═══ The records

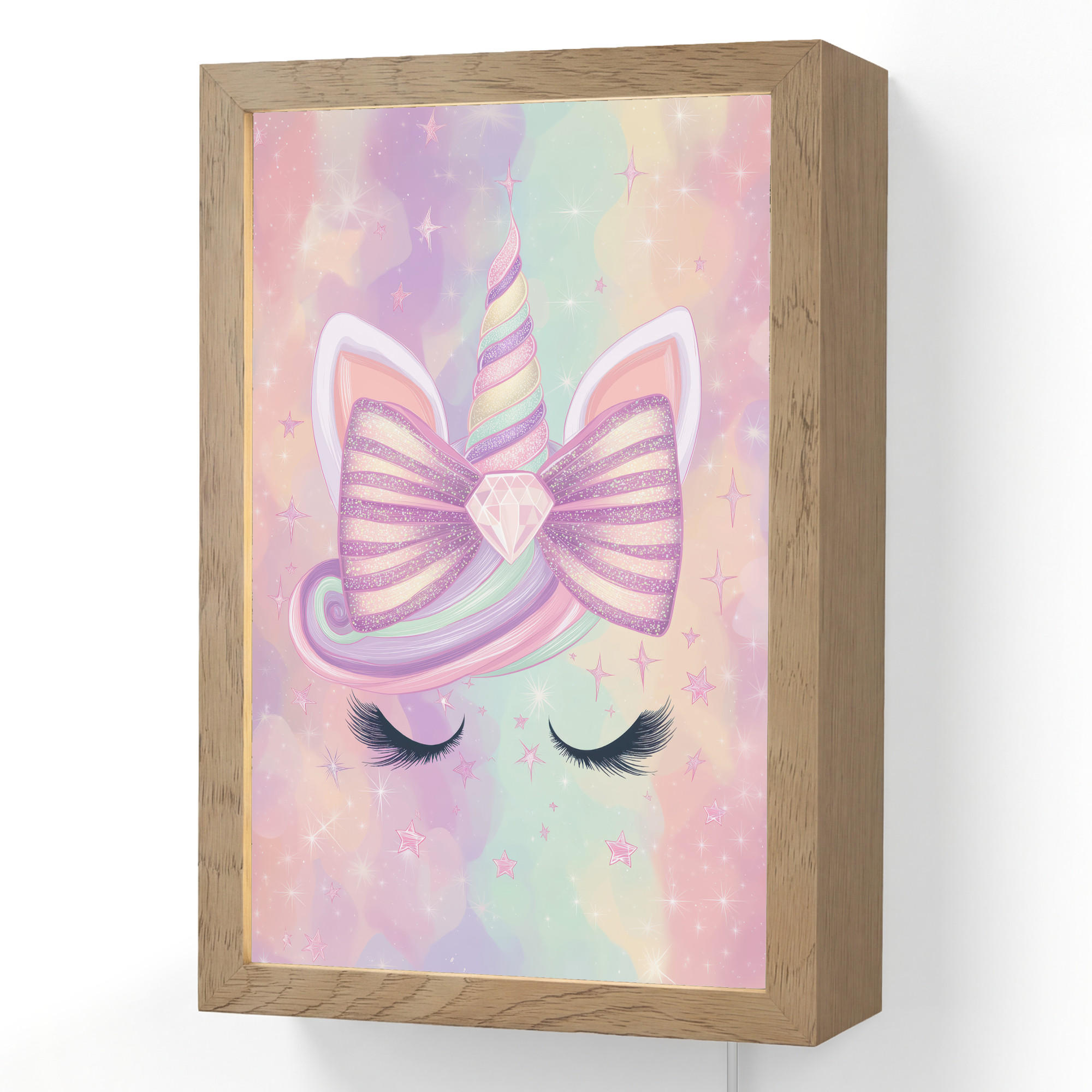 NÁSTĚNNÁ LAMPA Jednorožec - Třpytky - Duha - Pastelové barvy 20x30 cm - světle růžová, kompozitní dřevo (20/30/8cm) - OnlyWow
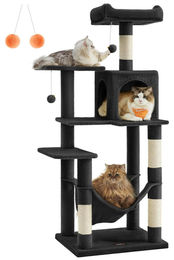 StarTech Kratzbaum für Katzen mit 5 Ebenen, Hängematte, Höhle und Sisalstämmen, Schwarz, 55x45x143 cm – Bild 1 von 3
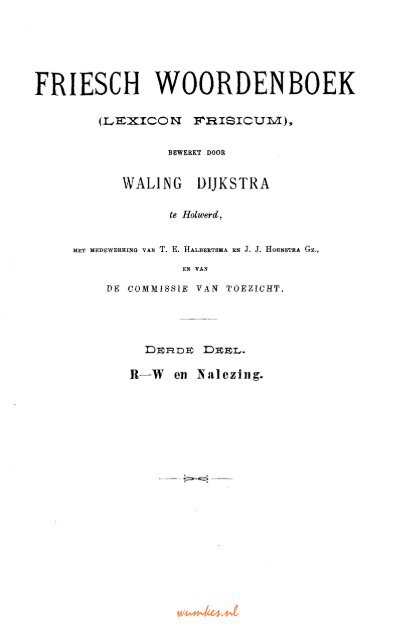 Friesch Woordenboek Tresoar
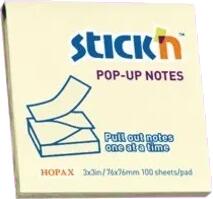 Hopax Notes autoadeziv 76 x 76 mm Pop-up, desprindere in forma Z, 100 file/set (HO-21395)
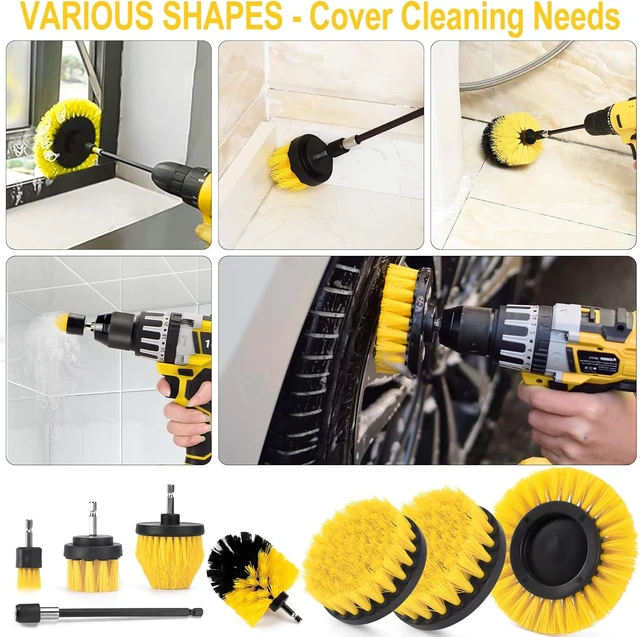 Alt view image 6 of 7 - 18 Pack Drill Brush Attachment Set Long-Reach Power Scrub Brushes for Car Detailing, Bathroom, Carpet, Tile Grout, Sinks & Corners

══════

▶ **What to do**:
Only the lines from the one with "Hopax Notes autoadeziv" through the final line of the entries above are to be repeated, exactly as written and without pictures.

▶ **Exercise output**:
 Hopax Notes autoadeziv 76 x 76 mm Pop-up, desprindere in forma Z, 100 file/set (HO-21395)
 Alt view image 6 of 7 - 18 Pack Drill Brush Attachment Set Long-Reach Power Scrub Brushes for Car Detailing, Bathroom, Carpet, Tile Grout, Sinks & Corners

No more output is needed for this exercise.